Private equity firm, Actis, is set to scale another regulatory hurdle before taking over the assets of collapsed Dubai based PE Firm and major investor in Africa Abraaj Group. This was made known after Actis wrote to the Comesa Competition Commission (CCC) to state its intentions.
“The Commission will, in accordance with the provisions of the regulations, determine among other things whether or not the merger is likely to substantially prevent or lessen competition within the Common Market and whether the merger is or would be contrary to the public interest as provided for under Article 26 of the Regulations,” said the Comesa agency following the Actis application.
“In view of this, the Commission hereby gives notice to all interested stakeholders, including competitors, suppliers and customers of the merging parties to submit written representations to the Commission with regard to the subject matter.”
It would be recalled that in July, Actis assumed the management rights on Abraaj Private Equity Fund IV (APEF IV), a global buyout fund, and Abraaj Africa Fund III (AAF III), a fund for investment in sub-Saharan Africa. The transaction includes 14 portfolio companies which include stakes in Kenyan restaurant chain Java and Brookside Dairy.
Earlier this year, the Competition Authority of Kenya (CAK) gave Actis the nod to acquire indirect control of Java’s owner, Abraaj Holdings. Apart from Actis Colony Capital bought Abraaj’s Latin America fund and US buyout fund TPG took transfer of management of the $1 billion healthcare fund.
Prior to Abraaj’s troubles, it has helped build several economies in different ways such as investing in several infrastructural developments. Abraaj has invested about US$3.2bn in over 80 companies in Africa over the past 15 years.

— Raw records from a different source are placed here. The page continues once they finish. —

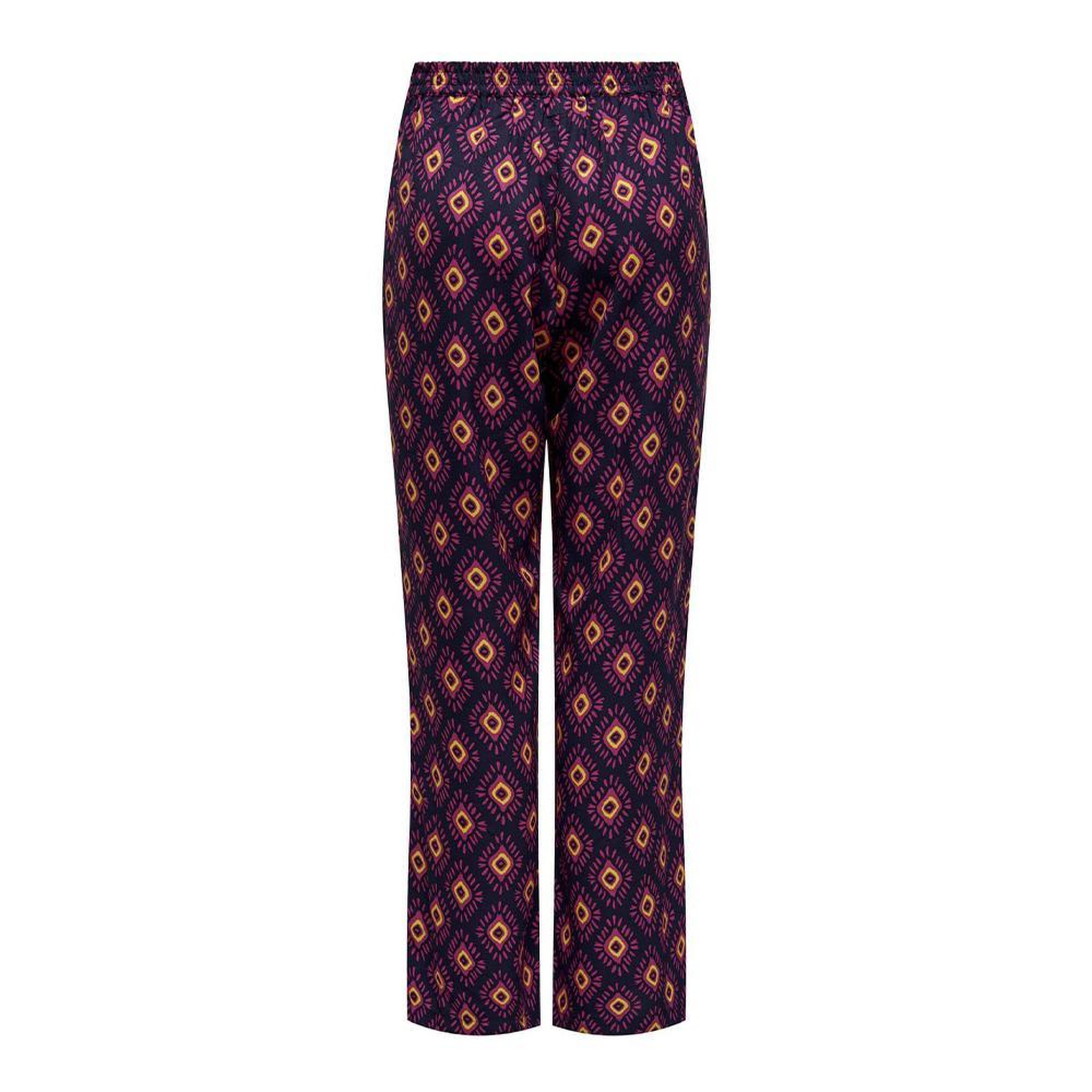 Voir la diapositive 2 : Only Pantalons fluide /Rose Femme Only Palazzo
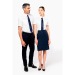 Chemise pilote manches courtes femme - Kariban, Textile Kariban promotional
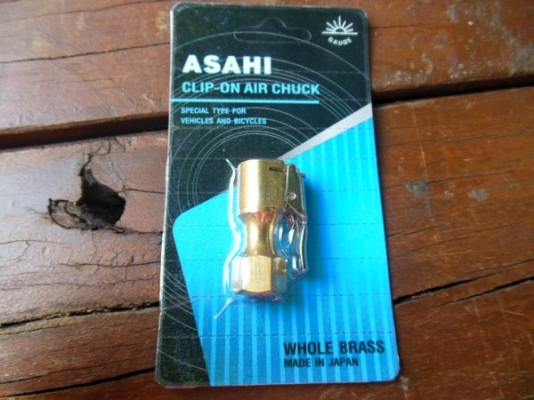 ขายหัวเติมลมงานญี่ปุ่นแบบหนีบASAHI Made in Japan.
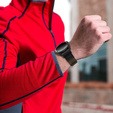 Ремешок Canvas+Leather для Garmin Fenix 5/6/6 Pro / Forerunner 935/945 - Brown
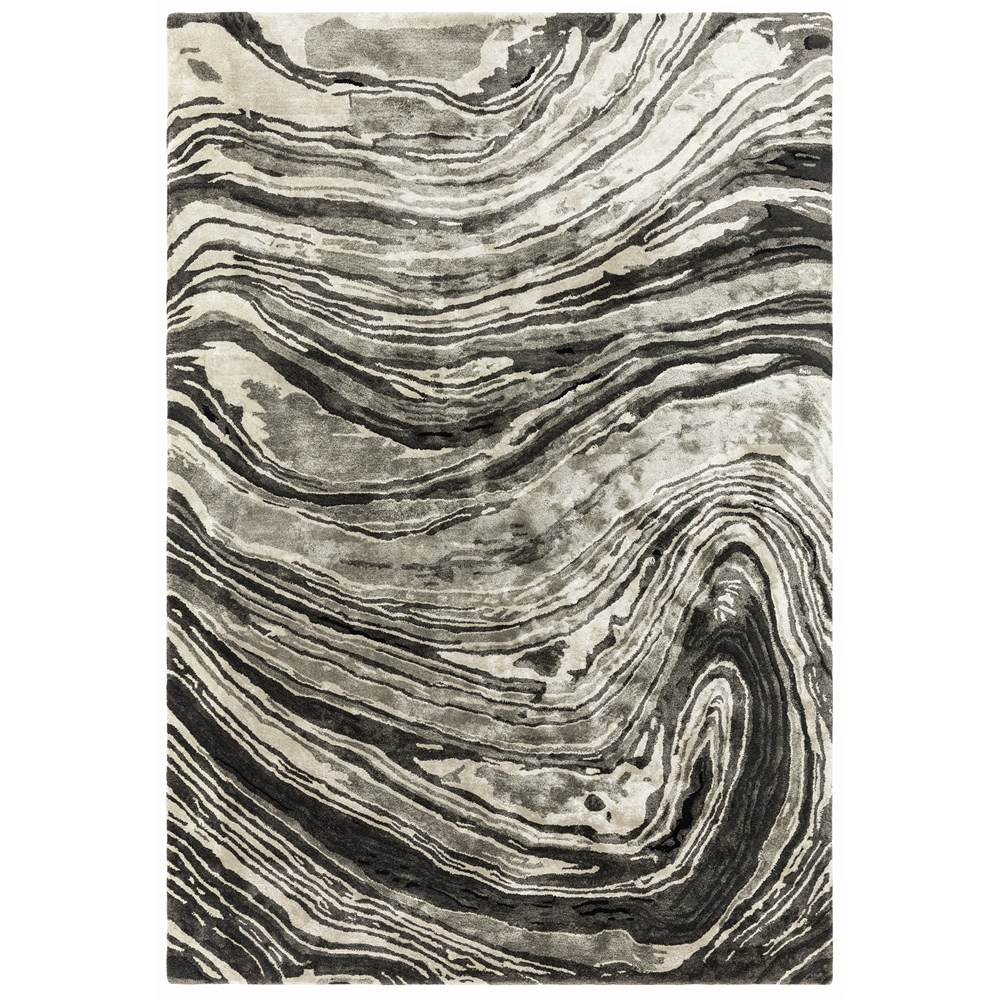 Tuscany Abstract Rugs by Katherine Carnaby in Marquina Marble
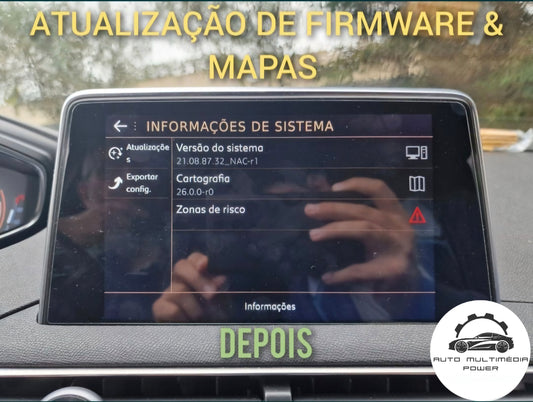 PEUGEOT / CITROEN / OPEL - Sistema NAC CONNECT NAV WAVE - PEN USB Software + Mapas GPS v28 2025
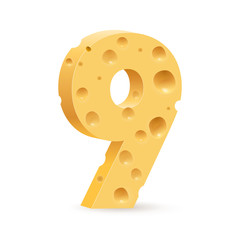 Digit of cheese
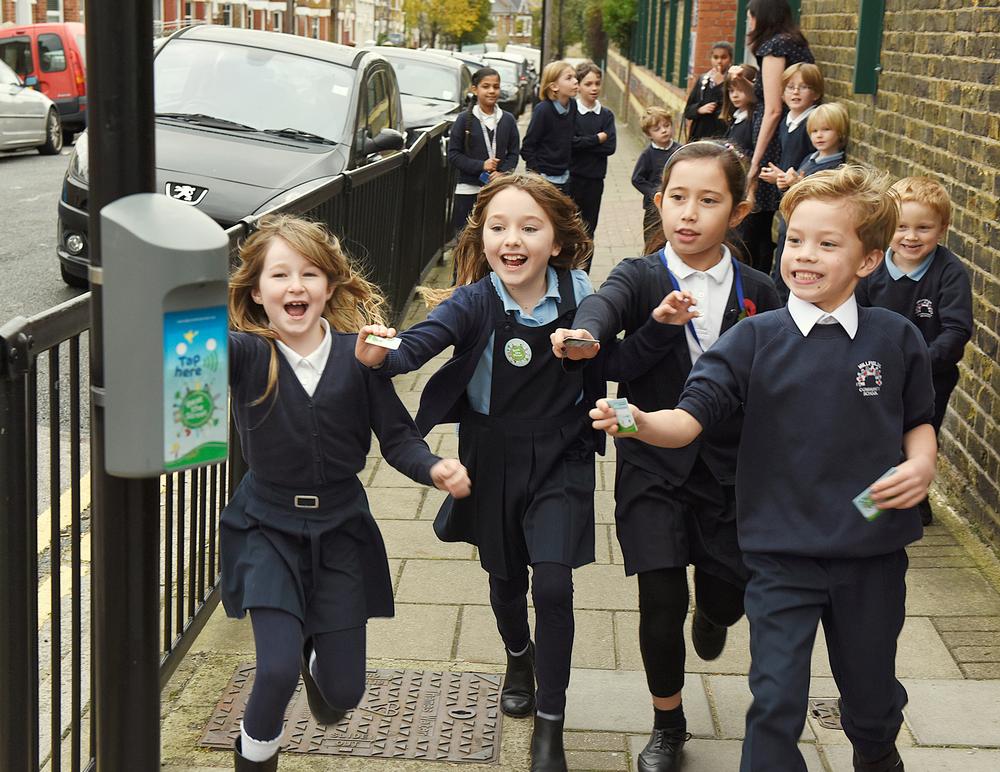 The winning 
Beat the Street team receives a £1,000 prize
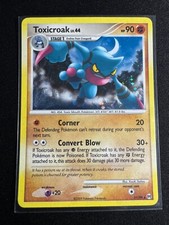 Pokemon TCG Toxicroak 11/99 Holo Platinum Series Arceus Set 2009 NM on eBay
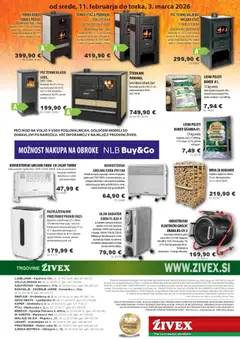 Živex katalog akcije – veljaven od 11.02.2026 | Stran: 8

When did Abraaj’s troubles really start
It all started towards the end of last year when investors in Abraaj’s healthcare fund, which includes Bill & Melinda Gates Foundation, the World Bank’s International Finance Corp unit, CDC Group and CDC’s French peer Proparco Group hired U.S. advisory firm Ankura Consulting Group to trace what happened to some of the money they invested in a $1 billion health-care fund for developing economies. The investors wanted to know why some of it had not been used for its stated purpose of building hospitals and clinics. The investigation found out irregularities, including the diversion of funds from the investment to unrelated investments.
Abraaj was founded in 2002 by Arif Naqvi, a former American Express executive and an early player in the Middle Eastern buyout market. Naqvi has worked with Gates for years on Abraaj’s healthcare projects in Africa and Asia. Abraaj began raising the health-care fund in 2015. “Bill was instrumental in that vision because it all started with a discussion with him,” Naqvi said during a panel discussion at the World Economic Forum in Switzerland in January.
According to a fund document reviewed by the Wall Street Journal, in December 2016, Abraaj asked investors in the health-care fund for $414m to pay for a slew of planned deals. By March 2017, Abraaj had acquired an Indian hospital chain, a Kenyan health-care provider and a diagnostics business in Pakistan. It also agreed to finance a hospital in Lahore Pakistan and acquired 1.5 acres of land for a hospital in Karachi Pakistan. However, construction in Karachi was delayed by a ban on new buildings more than two storeys high while the planned hospital had 17 storeys. This delay was communicated to investors in a fund report. A planned hospital in Lagos, Nigeria was also delayed.
Due to the concerns raised by investors, Abraaj appointed KPMG to conduct its own audit. The firm in February this year said that the KPMG review found no misuse of money at the fund. As a result of this issue, a lot of damages had already happened, they could not service their debt and the fundraising was halted. However, another inquiry by Deloitte found that the company had mixed money in the health-care fund and a private equity fund with its holding company. This move was thought to be likely made after encountering “liquidity problems” owing to the delays in the completion of certain deals.
Employees of Abraaj both past and present have also described the working environment at Abraaj as a family office than a powerhouse of private equity. This is because most of the executives are family members even the head of risk and compliance, Waqar Siddique, is also Naqvi’s brother-in-law.
Apart from the health fund, Kuwait’s Public Institution for Social Security on May 22 filed a case in a Cayman Islands court against Abraaj. They are claiming that the company was unable to repay a $100 million loan and $7 million interest by the agreed date.